What you should do. Could you copy out every line of the data where the word "Courtyard" occurs?

Web page caption snippets:
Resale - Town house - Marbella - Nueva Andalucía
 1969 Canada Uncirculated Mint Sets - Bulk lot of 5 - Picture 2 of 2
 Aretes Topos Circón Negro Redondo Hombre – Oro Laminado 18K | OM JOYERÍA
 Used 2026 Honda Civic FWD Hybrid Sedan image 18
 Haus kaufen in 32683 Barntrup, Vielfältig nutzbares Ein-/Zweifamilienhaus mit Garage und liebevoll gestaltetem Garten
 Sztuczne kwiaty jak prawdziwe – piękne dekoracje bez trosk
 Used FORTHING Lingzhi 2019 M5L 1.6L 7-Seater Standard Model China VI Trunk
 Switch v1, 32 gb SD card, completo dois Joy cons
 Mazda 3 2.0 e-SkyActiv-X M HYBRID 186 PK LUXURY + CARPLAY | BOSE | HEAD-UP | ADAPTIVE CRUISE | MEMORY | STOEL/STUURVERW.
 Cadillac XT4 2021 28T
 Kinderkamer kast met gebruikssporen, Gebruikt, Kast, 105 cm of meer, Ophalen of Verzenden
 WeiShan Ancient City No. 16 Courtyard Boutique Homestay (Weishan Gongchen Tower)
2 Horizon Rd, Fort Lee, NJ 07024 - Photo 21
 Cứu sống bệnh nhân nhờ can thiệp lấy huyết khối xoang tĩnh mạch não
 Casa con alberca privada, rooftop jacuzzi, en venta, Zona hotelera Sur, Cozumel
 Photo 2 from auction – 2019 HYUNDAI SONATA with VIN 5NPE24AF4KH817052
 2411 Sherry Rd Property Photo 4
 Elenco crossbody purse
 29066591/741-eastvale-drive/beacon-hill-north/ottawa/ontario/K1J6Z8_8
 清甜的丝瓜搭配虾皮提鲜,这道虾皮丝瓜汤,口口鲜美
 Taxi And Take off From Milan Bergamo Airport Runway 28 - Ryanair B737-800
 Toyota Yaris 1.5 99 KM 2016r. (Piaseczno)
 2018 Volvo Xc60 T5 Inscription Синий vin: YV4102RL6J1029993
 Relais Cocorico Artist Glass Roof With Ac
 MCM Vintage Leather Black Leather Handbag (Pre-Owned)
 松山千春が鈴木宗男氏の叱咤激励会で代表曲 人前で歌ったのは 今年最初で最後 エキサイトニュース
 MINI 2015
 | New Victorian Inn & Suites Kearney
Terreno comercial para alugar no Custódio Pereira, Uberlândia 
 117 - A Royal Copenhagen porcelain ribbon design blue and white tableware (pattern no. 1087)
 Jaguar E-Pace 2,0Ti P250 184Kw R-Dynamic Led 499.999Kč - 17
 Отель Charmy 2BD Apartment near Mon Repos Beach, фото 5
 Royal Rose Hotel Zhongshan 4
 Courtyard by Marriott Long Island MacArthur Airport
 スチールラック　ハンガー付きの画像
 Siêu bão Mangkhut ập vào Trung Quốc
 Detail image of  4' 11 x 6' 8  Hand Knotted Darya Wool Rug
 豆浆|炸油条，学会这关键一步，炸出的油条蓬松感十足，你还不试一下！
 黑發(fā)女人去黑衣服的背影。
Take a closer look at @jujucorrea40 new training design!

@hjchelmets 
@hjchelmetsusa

Answer to this exercise.
 WeiShan Ancient City No. 16 Courtyard Boutique Homestay (Weishan Gongchen Tower)
 Courtyard by Marriott Long Island MacArthur Airport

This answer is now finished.